==== MATERIALS PROVIDED ====
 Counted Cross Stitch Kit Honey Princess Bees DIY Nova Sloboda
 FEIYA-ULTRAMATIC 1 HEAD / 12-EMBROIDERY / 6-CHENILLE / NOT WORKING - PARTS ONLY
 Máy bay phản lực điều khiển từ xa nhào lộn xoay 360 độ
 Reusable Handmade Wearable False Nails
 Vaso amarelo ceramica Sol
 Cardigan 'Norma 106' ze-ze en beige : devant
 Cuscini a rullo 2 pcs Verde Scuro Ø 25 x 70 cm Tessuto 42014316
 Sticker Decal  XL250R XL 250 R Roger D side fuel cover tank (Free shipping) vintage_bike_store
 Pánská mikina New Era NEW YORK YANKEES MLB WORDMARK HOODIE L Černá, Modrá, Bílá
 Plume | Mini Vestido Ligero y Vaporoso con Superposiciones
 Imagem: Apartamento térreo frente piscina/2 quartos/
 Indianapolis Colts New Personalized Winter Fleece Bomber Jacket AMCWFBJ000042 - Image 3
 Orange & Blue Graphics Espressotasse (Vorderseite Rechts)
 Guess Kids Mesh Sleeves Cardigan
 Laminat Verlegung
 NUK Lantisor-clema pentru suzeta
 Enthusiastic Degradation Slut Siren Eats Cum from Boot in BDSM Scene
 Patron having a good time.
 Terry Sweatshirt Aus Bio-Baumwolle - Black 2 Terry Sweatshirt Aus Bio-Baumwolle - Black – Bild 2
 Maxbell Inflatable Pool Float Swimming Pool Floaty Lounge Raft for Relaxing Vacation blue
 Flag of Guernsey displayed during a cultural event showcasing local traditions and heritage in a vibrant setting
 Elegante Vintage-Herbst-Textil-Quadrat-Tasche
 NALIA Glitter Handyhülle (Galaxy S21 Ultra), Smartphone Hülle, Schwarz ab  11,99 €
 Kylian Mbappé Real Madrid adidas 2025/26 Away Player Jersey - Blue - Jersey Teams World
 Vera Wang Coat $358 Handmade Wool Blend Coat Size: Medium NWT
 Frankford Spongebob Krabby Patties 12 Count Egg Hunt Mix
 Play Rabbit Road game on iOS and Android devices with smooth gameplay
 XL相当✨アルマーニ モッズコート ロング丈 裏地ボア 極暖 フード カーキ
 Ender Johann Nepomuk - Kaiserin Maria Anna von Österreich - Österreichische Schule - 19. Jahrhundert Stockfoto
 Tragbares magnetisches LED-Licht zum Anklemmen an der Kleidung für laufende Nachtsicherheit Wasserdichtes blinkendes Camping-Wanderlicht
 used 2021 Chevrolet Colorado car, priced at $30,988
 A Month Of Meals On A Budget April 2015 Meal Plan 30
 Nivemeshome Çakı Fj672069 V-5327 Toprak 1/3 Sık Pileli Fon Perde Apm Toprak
====
= YOUR OBJECTIVE =
A verbatim restatement of all the entries above is required.

= ANSWER =
 Counted Cross Stitch Kit Honey Princess Bees DIY Nova Sloboda
 FEIYA-ULTRAMATIC 1 HEAD / 12-EMBROIDERY / 6-CHENILLE / NOT WORKING - PARTS ONLY
 Máy bay phản lực điều khiển từ xa nhào lộn xoay 360 độ
 Reusable Handmade Wearable False Nails
 Vaso amarelo ceramica Sol
 Cardigan 'Norma 106' ze-ze en beige : devant
 Cuscini a rullo 2 pcs Verde Scuro Ø 25 x 70 cm Tessuto 42014316
 Sticker Decal  XL250R XL 250 R Roger D side fuel cover tank (Free shipping) vintage_bike_store
 Pánská mikina New Era NEW YORK YANKEES MLB WORDMARK HOODIE L Černá, Modrá, Bílá
 Plume | Mini Vestido Ligero y Vaporoso con Superposiciones
 Imagem: Apartamento térreo frente piscina/2 quartos/
 Indianapolis Colts New Personalized Winter Fleece Bomber Jacket AMCWFBJ000042 - Image 3
 Orange & Blue Graphics Espressotasse (Vorderseite Rechts)
 Guess Kids Mesh Sleeves Cardigan
 Laminat Verlegung
 NUK Lantisor-clema pentru suzeta
 Enthusiastic Degradation Slut Siren Eats Cum from Boot in BDSM Scene
 Patron having a good time.
 Terry Sweatshirt Aus Bio-Baumwolle - Black 2 Terry Sweatshirt Aus Bio-Baumwolle - Black – Bild 2
 Maxbell Inflatable Pool Float Swimming Pool Floaty Lounge Raft for Relaxing Vacation blue
 Flag of Guernsey displayed during a cultural event showcasing local traditions and heritage in a vibrant setting
 Elegante Vintage-Herbst-Textil-Quadrat-Tasche
 NALIA Glitter Handyhülle (Galaxy S21 Ultra), Smartphone Hülle, Schwarz ab  11,99 €
 Kylian Mbappé Real Madrid adidas 2025/26 Away Player Jersey - Blue - Jersey Teams World
 Vera Wang Coat $358 Handmade Wool Blend Coat Size: Medium NWT
 Frankford Spongebob Krabby Patties 12 Count Egg Hunt Mix
 Play Rabbit Road game on iOS and Android devices with smooth gameplay
 XL相当✨アルマーニ モッズコート ロング丈 裏地ボア 極暖 フード カーキ
 Ender Johann Nepomuk - Kaiserin Maria Anna von Österreich - Österreichische Schule - 19. Jahrhundert Stockfoto
 Tragbares magnetisches LED-Licht zum Anklemmen an der Kleidung für laufende Nachtsicherheit Wasserdichtes blinkendes Camping-Wanderlicht
 used 2021 Chevrolet Colorado car, priced at $30,988
 A Month Of Meals On A Budget April 2015 Meal Plan 30
 Nivemeshome Çakı Fj672069 V-5327 Toprak 1/3 Sık Pileli Fon Perde Apm Toprak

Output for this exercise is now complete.